Arrestation et libération du  journaliste Sosthène Kambidi en RDC : La montagne de la justice militaire accouche d’une souris

Arrestation et libération du  journaliste Sosthène Kambidi en RDC : La montagne de la justice militaire accouche d’une souris

Son arrestation en lien avec l’affaire de l’assassinat en mars 2017, des deux experts de l’ONU avait surpris plus d’un et suscité l’incompréhension au sein de l’opinion. Depuis hier mardi 12 octobre 2021, le journaliste Sosthène Kambidi bénéficie d’une liberté provisoire après trois semaines de détention. Lui qui aux côtés de Sonia Rolley, journaliste de RFI, enquêtait sur l’assassinat de Zaida Catalan et Michael Sharp dans la région du Kasaï en 2017, avait été interpellé pour «terrorisme, association de malfaiteurs, insurrection» dans cette affaire confiée à la justice militaire.

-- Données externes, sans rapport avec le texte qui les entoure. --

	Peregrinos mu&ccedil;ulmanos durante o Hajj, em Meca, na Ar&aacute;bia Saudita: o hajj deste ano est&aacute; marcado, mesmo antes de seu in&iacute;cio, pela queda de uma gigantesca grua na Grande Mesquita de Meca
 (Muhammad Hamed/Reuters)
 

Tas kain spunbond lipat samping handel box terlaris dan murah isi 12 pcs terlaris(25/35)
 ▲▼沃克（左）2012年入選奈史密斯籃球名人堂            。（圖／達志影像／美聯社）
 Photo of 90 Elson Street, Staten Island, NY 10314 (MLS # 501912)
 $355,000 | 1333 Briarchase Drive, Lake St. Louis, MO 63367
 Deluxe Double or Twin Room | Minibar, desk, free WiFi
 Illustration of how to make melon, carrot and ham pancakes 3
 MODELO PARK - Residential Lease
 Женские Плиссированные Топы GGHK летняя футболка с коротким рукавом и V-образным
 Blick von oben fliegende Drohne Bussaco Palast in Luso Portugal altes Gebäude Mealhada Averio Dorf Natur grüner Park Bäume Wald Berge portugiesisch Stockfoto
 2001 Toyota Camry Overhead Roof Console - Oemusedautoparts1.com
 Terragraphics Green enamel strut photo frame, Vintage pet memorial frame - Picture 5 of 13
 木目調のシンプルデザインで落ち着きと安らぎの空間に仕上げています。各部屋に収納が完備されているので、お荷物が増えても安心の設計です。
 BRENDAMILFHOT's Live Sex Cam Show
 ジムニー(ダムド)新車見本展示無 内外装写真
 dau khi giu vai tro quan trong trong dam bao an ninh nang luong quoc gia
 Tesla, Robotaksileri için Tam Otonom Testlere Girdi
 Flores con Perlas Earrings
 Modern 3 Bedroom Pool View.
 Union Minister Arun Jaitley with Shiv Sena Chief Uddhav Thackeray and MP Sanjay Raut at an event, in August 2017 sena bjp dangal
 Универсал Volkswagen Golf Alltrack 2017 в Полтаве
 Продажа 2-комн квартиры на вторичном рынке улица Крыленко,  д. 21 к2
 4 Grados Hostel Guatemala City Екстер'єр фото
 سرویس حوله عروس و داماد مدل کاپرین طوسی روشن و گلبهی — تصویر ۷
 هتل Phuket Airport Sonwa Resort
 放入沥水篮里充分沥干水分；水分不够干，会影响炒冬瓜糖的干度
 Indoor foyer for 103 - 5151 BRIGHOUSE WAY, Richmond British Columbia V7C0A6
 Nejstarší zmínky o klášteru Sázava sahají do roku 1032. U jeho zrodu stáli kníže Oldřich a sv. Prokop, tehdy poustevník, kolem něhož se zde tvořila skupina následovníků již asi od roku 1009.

Même si on peut aisément imaginer que ce journaliste n’est pas encore au bout de ces peines, il était clair que les chefs d’inculpation qui lui ont été présentés relevaient plus du complot.

L’incompréhension et l’indignation qui avaient suivi son arrestation n’étaient pas le fait du hasard. A travers ses sorties de terrain et recherches sur cette sombre affaire, il est évident que Sosthène Kambidi troublait le sommeil de certains dignitaires qui ont alors entrepris de le «faire taire» du moins de l’y contraindre. Cette fois au moins, et il faut s’en féliciter, ce n’est pas «la solution finale» qui a été employée, mais une arrestation et des charges «bidons». Visiblement, l’homme dérangeait et il fallait trouver une raison pour jeter le discrédit sur lui et ses actions en faveur de la justice. Sinon, comment comprendre qu’un des hommes qui s’étaient les plus impliqués dans cette enquête et qui avaient présenté des enregistrements accablants pour «aider» à l’avancement de l’instruction soit remercié en monnaie de singe. Il s’agit tout simplement d’un acte de fourvoiement de la justice militaire congolaise qui semble vouloir se détourner de la voie de la vérité. On croyait ces pratiques révolues dans ce Congo post-Kabila, mais force est de reconnaître que les vieilles habitudes ont la peau dure. La rupture tant voulue ne sera donc pas pour demain. Aujourd’hui, même s’il convient de saluer cette libération, il convient de rappeler que le cas Sosthène Kambidi pourrait négativement «impacter» les prochains appels à témoin lancés par la justice dans ces nombreux dossiers qui ornent les tiroirs des parquets. Et il n’est pas exclu que sa malheureuse expérience dissuade d’autres témoins capitaux dans d’autres affaires pendantes.